[Entries provided]:
::::

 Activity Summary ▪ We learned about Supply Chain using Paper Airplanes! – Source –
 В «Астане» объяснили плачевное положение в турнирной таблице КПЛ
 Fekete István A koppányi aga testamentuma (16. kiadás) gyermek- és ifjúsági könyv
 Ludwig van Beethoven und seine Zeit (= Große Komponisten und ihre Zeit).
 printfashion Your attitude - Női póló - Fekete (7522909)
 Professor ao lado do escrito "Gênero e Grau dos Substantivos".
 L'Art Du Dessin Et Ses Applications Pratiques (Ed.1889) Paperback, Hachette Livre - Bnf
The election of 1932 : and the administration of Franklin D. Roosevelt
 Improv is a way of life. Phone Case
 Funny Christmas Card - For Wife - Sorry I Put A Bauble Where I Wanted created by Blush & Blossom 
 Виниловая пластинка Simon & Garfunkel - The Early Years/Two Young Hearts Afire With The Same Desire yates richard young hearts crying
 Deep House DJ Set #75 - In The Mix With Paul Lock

::::

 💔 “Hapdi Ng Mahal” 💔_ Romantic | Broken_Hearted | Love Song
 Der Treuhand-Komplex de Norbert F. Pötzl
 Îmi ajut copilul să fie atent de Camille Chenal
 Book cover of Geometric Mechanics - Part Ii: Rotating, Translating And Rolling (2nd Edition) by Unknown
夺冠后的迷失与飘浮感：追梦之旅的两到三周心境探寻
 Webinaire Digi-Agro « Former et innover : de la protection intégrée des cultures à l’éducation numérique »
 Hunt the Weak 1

::::

[Task]: Extract from the listing above the lines between the line containing "Book cover of" and the line containing "Hunt the Weak 1", keeping both of those lines. Output nothing else.

[Expected answer]:
 Book cover of Geometric Mechanics - Part Ii: Rotating, Translating And Rolling (2nd Edition) by Unknown
夺冠后的迷失与飘浮感：追梦之旅的两到三周心境探寻
 Webinaire Digi-Agro « Former et innover : de la protection intégrée des cultures à l’éducation numérique »
 Hunt the Weak 1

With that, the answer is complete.